Records to use

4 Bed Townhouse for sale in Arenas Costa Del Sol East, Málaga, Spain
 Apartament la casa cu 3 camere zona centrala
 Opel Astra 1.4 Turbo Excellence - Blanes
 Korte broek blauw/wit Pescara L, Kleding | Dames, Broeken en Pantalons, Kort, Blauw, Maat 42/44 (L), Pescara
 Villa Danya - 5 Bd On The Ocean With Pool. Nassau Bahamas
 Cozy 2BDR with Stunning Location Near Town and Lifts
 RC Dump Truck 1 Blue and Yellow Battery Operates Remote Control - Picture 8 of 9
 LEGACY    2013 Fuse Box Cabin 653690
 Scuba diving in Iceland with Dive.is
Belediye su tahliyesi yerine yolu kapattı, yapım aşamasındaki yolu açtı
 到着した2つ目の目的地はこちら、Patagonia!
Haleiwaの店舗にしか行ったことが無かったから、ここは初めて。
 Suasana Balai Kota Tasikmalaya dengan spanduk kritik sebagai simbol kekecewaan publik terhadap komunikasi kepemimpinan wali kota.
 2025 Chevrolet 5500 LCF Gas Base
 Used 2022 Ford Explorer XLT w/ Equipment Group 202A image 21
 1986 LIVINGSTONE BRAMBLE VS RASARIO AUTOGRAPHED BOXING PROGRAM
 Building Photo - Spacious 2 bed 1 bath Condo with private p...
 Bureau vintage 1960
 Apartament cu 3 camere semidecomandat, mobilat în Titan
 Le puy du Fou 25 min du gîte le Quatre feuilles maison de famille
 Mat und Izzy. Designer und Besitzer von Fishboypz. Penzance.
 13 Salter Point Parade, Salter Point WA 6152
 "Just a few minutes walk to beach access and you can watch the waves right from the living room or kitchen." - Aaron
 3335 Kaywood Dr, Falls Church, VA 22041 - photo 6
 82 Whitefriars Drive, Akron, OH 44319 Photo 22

Task to carry out
At the first line of the material above, start reproducing each line exactly, and end with the line that holds "Apartament cu 3", adding nothing.

Your solution
4 Bed Townhouse for sale in Arenas Costa Del Sol East, Málaga, Spain
 Apartament la casa cu 3 camere zona centrala
 Opel Astra 1.4 Turbo Excellence - Blanes
 Korte broek blauw/wit Pescara L, Kleding | Dames, Broeken en Pantalons, Kort, Blauw, Maat 42/44 (L), Pescara
 Villa Danya - 5 Bd On The Ocean With Pool. Nassau Bahamas
 Cozy 2BDR with Stunning Location Near Town and Lifts
 RC Dump Truck 1 Blue and Yellow Battery Operates Remote Control - Picture 8 of 9
 LEGACY    2013 Fuse Box Cabin 653690
 Scuba diving in Iceland with Dive.is
Belediye su tahliyesi yerine yolu kapattı, yapım aşamasındaki yolu açtı
 到着した2つ目の目的地はこちら、Patagonia!
Haleiwaの店舗にしか行ったことが無かったから、ここは初めて。
 Suasana Balai Kota Tasikmalaya dengan spanduk kritik sebagai simbol kekecewaan publik terhadap komunikasi kepemimpinan wali kota.
 2025 Chevrolet 5500 LCF Gas Base
 Used 2022 Ford Explorer XLT w/ Equipment Group 202A image 21
 1986 LIVINGSTONE BRAMBLE VS RASARIO AUTOGRAPHED BOXING PROGRAM
 Building Photo - Spacious 2 bed 1 bath Condo with private p...
 Bureau vintage 1960
 Apartament cu 3 camere semidecomandat, mobilat în Titan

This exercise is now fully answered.